I Was a Totally Different Person Back in 1910
Dearest friends back in the relative civility of the city,
I have survived the long trip through the Panama Canal during the height of malaria season.
Several people in our party succumbed including a Mrs. Humpert Vulvane-Clitford. She in fact died as we sailed through the locks. Most unfortunate because she had a lovely basso profundo voice, and we are so short of men to sing four-part harmony on our trip.
Our captain, the most impressive Admiral Abel Pex, decided the entire ship had wasted too much time soaking in the sun in the Gulf of Mexico beforehand. So Mrs. Vulvane-Clitford – even though it was said she was very wealthy and a widow no less – was given a burial at sea. Admiral Pex didn’t really know the lady, so it was a short eulogy - he gave her a shove off the side of the boat with a quick, “There the old broad goes.” The rest of us covered our mouths (from the malaria) and hummed “Nearer My God to Thee” as loud as we could through our linen hankies, and that was the sum entire of the service.
Our own reverend back home could learn something from the brevity, if I do say so myself, and I plan to tell him the whole tale directly when I get back from the Galapagos and my mission of turning the dirty, smelly natives into God-fearing Christians.
Anyway, a “burial at sea” may be in fact a bit of romance, as we were actually in one of the center locks of the Panama Canal itself when we dumped poor old dead Mrs. V.-Clitford’s corpse. Some of the locals on the shore hauling our boat through the locks yelled something at us and pointed to the body most severely and emphatically. Well, thank the Lord in Heaven I don’t understand a lick of Spanish or Portuguese or Wop or whatever those oily dark people were speaking, for I’m sure it was not proper for a lady to hear. As it was most definitely coarse, Admiral Pecks chose the reasonable reaction of ignoring their yells and rude gestures and continuing on.
As I believe I told you in my postcard from the Cayman Island (you did get it, didn’t you? – No matter, it was rather cheap anyway) I bought some lovely inexpensive trinkets from the locals who were all to dumb to know that I was underpaying them. Of course, you’re expected to be sharp and Jewish with these people or they will simply walk all over you.
I found some small native statues of some heathen gods.

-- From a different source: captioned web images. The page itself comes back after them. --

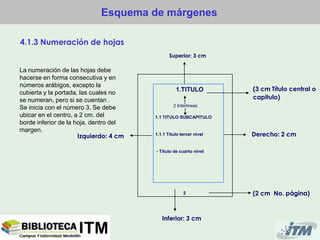 Esquema de márgenes

4.1.3 Numeración de hojas
                                               Superior: 3 cm

La numeración de las hojas debe
hacerse en forma consecutiva y en
números arábigos, excepto la
                                                  1.TITULO          (3 cm Título central o
cubierta y la portada, las cuales no
se numeran, pero si se cuentan .                                    capitulo)
                                                 2 Interlineas
Se inicia con el número 3. Se debe
ubicar en el centro, a 2 cm. del        1.1 TITULO SUBCAPITULO
borde inferior de la hoja, dentro del
margen.
                      Izquierdo: 4 cm   1.1.1 Título tercer nivel   Derecho: 2 cm

                                        - Título de cuarto nivel




                                                      2             (2 cm No. página)



                                           Inferior: 3 cm
 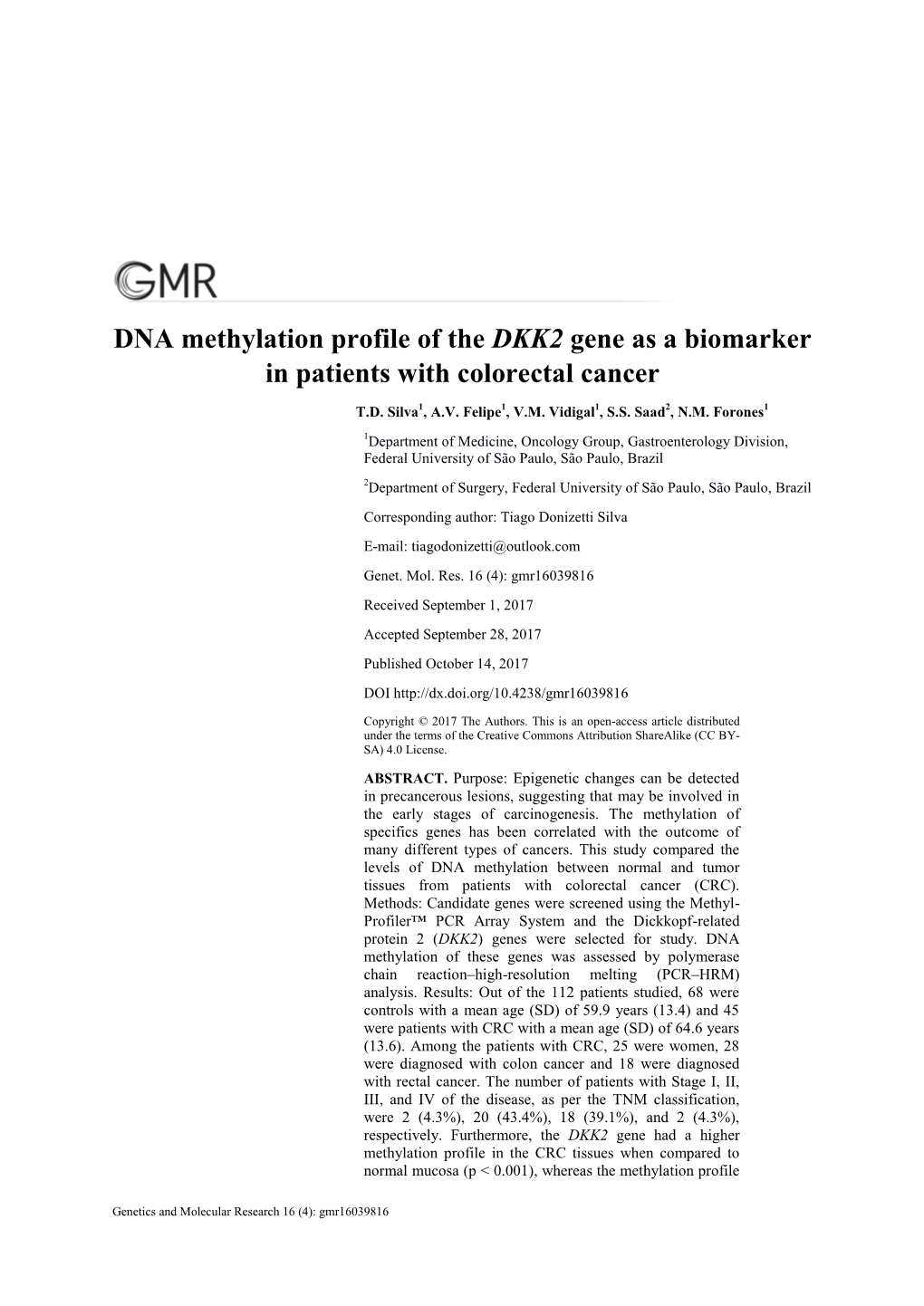 DNA Methylation Profile of the DKK2 Gene As a Biomarker in Patients with Colorectal Cancer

They are made out of a nasty tar-like substance and smell worse than I imagine old Mrs. Clitford does about now. Also, I was told these naked statues are terribly bad luck, but thank God I don’t believe in any of that voodoo nonsense. I plan to tie bright ribbons around them and give them to my friends as Christmas ornaments this next year.
Only I do believe that each of these god statues are distinctly male as they all have a rather prodigious protrusion from their lower stomach. Oh, and they have the longest tongues. How very intriguing things can be when you finally take a close look at them instead of merely slipping them in your purse while no one is looking.
Also, I found some lovely strange pipes and some very odd smelling green tobacco. I, in fact, bought five pounds of the tobacco, which I was going to present to Father. However, the admiral has shown me how the smoke the pipe (he is terribly handsome and roguish) and now he and I have taken to a couple pipe-fulls before every meal. I know, it is so manly and unattractive, but since I will not be around civilized people, I shall do uncivilized things while I can enjoy it.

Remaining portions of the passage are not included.